The village is within the Thirsk & Malton parliamentary constituency. From 1974 to 2023 it was part of the Hambleton District, it is now administered by the unitary North Yorkshire Council. The civil parish is made up of four councillors.

==Geography==

The village lies 2 mi west of the A19 road and immediately north of the River Kyle. The village used to have a railway station on the East Coast Main Line that runs less than a mile to the east of the village.

The soil contains some alluvium as well as sand and loam. The land to the east of the village is a good source of brick clay, and supports the York Handmade Brick Company who have supplied specialist bricks to The Shard and railway station.

==Village amenities==

In the village there is Alne Cricket Club who play in the Nidderdale and District Amateur Cricket League. The local Tennis Club play in local leagues at the local Recreational Playing Fields. There is also a public house, the Blue Bell Inn, which was one of three inns in the village in the 1820s. The village is home to two Nursing and Care homes, Oak Trees and Leonard Cheshire.

The village also hosts an annual street fayre, which has been mentioned in The Times top 20 days out, that raises funds for the maintenance and improvement of the Alne recreation and sports park.

==Demography==

The 2001 census showed that the population of the parish was 711 in 249 households. Of those dwellings, 159 are detached and 215 owner occupied. Of the total population, 497 are aged 16 or over of which 316 were in employment.

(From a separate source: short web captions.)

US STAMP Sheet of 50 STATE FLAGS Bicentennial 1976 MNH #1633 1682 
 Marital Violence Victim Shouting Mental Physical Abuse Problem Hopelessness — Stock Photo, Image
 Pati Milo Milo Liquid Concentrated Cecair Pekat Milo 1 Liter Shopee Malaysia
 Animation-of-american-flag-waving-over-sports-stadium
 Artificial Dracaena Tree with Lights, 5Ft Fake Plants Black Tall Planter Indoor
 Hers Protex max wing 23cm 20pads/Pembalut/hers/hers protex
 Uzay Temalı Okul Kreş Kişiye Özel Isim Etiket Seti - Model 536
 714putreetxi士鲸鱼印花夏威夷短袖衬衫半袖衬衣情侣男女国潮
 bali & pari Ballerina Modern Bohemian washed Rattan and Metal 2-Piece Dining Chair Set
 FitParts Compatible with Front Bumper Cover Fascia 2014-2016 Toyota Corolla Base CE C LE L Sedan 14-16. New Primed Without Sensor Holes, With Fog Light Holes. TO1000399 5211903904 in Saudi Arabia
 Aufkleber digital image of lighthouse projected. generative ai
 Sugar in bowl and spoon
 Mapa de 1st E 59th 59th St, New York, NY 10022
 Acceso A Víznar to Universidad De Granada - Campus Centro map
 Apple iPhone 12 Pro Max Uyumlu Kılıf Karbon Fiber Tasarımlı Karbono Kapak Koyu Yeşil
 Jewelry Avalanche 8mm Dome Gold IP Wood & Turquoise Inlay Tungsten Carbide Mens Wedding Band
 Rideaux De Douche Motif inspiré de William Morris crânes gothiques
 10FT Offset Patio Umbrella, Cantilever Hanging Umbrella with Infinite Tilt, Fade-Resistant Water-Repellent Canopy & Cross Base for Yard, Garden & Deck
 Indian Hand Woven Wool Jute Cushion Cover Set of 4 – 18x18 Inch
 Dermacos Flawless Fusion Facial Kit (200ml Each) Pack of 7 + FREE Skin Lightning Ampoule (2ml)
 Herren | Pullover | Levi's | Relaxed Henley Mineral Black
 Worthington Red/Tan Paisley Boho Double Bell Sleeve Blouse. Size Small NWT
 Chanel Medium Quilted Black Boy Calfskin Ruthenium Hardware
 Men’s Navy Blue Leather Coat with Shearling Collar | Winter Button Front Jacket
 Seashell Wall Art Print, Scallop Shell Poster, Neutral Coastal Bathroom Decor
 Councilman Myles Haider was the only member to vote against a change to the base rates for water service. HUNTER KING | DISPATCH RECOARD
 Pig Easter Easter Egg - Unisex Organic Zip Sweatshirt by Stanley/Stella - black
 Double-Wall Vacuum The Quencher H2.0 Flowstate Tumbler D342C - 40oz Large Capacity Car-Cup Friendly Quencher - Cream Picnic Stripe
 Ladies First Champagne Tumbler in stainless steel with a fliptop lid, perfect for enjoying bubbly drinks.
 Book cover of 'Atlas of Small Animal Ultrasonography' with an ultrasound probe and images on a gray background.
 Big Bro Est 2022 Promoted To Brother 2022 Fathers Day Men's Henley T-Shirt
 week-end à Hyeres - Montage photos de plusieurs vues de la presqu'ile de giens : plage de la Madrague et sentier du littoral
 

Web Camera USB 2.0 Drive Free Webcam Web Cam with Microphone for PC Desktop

In the 2011 census, the population was 756 in 272 dwellings.

==Education==

The village has one school, Alne County Primary School, for pupils aged 4 to 11. Pupils receive their secondary education at Easingwold School.

==Religion==

St Mary's Church, Alne, is a Grade I listed building that has been extensively rebuilt from its original Norman structure. There used to be a Methodist Chapel as well built in 1848.